The hourly budget $\mathcal{B}_{t+1}$ set by the algorithm looks like this:

$\displaystyle\mathcal{B}_{t+1}=\bar{\mathcal{B}}_{t+1}+\Delta\mathcal{B}_{t+1}$ (26) $\displaystyle\Delta\mathcal{B}_{t+1}=\frac{\eta}{T-t}\left(\bar{\mathcal{S}_{t% }}-\mathcal{S}_{t}\right)$ (27)

where $\bar{\mathcal{B}}_{t+1}$ is the ideal hourly budget, $\bar{\mathcal{S}}_{t}$ and $\mathcal{S}_{t}$ are respectively the ideal and actual amount of money spent until epoch $t$ , $T-t$ is the number of epochs left, and $1\leqslant\eta\leqslant T-t$ is the aggressiveness parameter. If the aggressiveness is set to 1, the algorithm tries to evenly spread the correction over the rest of the campaign. Surprisingly, this is not good: the reason is that a small amount of under-delivery is very common and it won’t be contrasted fast enough, imposing a money rush toward the end of the campaign. Also, we typically want to regain the ideal spend curve at a higher speed. However, too large a value of aggressiveness is not desirable either, because it could mean a very large sudden injection of money, possibly reducing the quality of our inventory and breaking the simple assumptions we had to make to construct a model. We typically choose values between 2 and 20, while at the end of the campaign $\eta$ will be equal to 1.

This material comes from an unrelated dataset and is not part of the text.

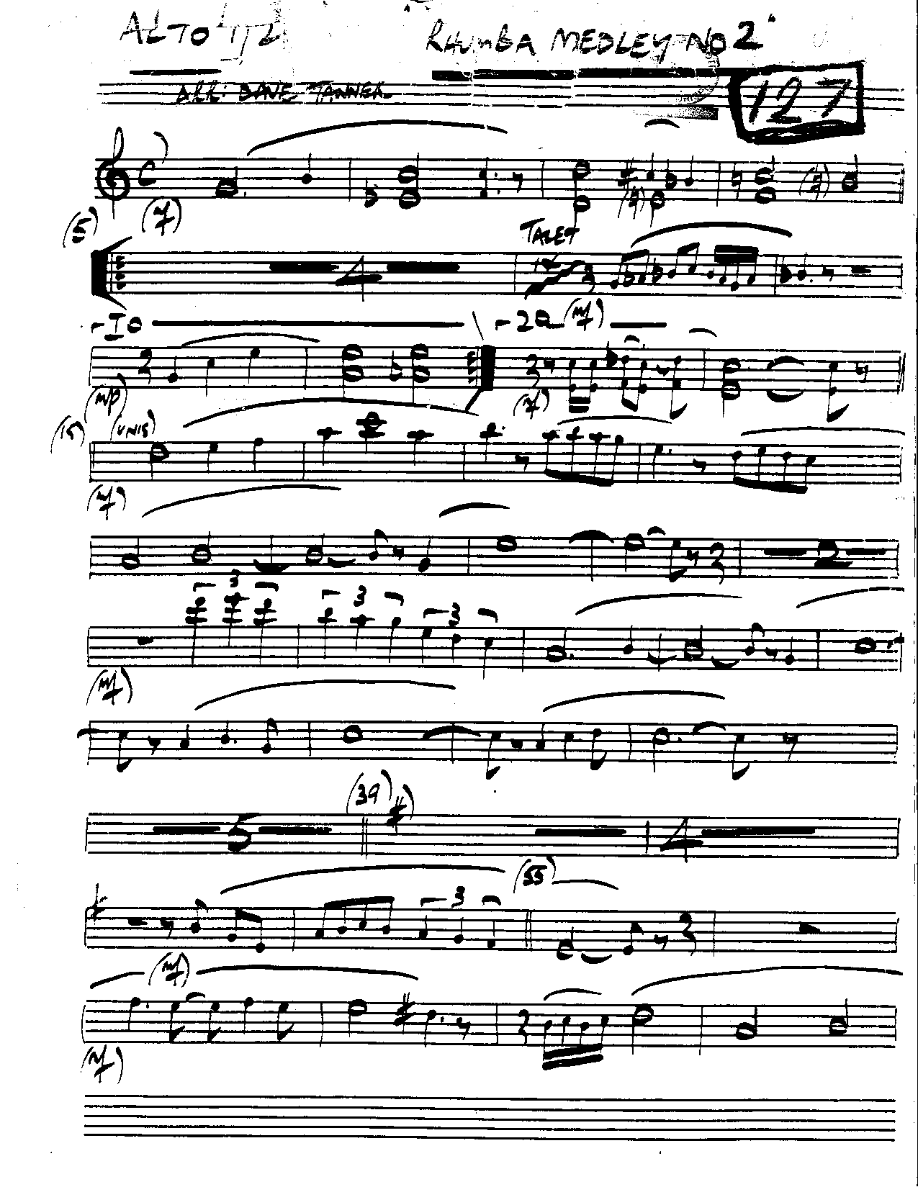 Rhumba Medley #2-Alto — sheet music preview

A schematic view of the algorithm is presented in Fig. 6.

5. Experimental results

We tested our algorithm on a simulated environment. (More on the characteristics of the market simulator in Section A.) We will show the results as follows: First we will compare different budget partitioning algorithms while keeping no optimization on the base bids or on the pacing. Then, we will compare base bid setting algorithms on top of the budget partitioning we presented in this paper. Finally, we will show the advantages of introducing the pacing control algorithm on top of the budget partitioning and base bid setting algorithm we chose.

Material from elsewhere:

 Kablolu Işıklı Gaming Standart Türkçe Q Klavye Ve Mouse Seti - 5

5.1 The comparison of budget partitioning algorithms

We compared our algorithm to three other algorithms: (1) A vanilla algorithm (codenamed vnl) that does absolutely nothing. (2) A multi-armed bandit algorithm inspired by [1, 3], codenamed mab. (3) A linear optimization algorithm inspired by [5], codenamed lop, that maximizes the clicks under the constraints of the total available budget and an interval of admitted budgets for every media object. More information about these algorithms can be found in Section D.

Table 1
Optimization results for budget partitioning

Algo	Spt	Clk	Cpc	Kld
vnl	91.2%	100.0%	0.990	0.000
mab	91.0%	102.6%	0.979	0.005
lop	84.5%	137.7%	0.664	0.503
skt1	96.2%	132.5%	0.785	0.095

Figure 7.

The evolution of the budget partitioning for 10 media objects, according to the four different algorithms we test, taken over a single run of the optimization. The solid lines show a smoothed version of the dotted lines for better visualization.

Figure 8.

The four metrics we use to evaluate the algorithms: money spent, clicks obtained, CPC, and divergence from the uniform distribution as obtained from an average of 20 optimizations on different randomly chosen starting points. The solid lines show a smoothed version of the dotted lines for better visualization.

Figure 7 gives the comparisons of these algorithms. We present a simulation with day parting, i.e., with a different algorithm running for each hour of the day. The total number of epochs is 30, the number of days in a month. The first thing we want to point out is that lop is quite greedy, as we expected, while mab is almost like vnl. This is due to the fact that only one media object per epoch is updated, giving just 30 small kicks to the initial situation. Our proposed algorithm, skt1, seems to strike in between: It moves quickly without becoming greedy.

To quantify this result, we measure greediness by calculating the KL-divergence [15] of the proposed budget repartition with respect to the uniform distribution $\vec{u}$ . The KL-divergence is a widely used method: for example, in reinforcement learning, it measures the distance between two policies, i.e., two different courses of action that optimize a given reward [2, 22, 19]. It is defined as:

$\displaystyle\Delta(\vec{w},\vec{u})=\sum_{i}w_{i}\log\left(\frac{w_{i}}{u_{i}% }\right)$ (28)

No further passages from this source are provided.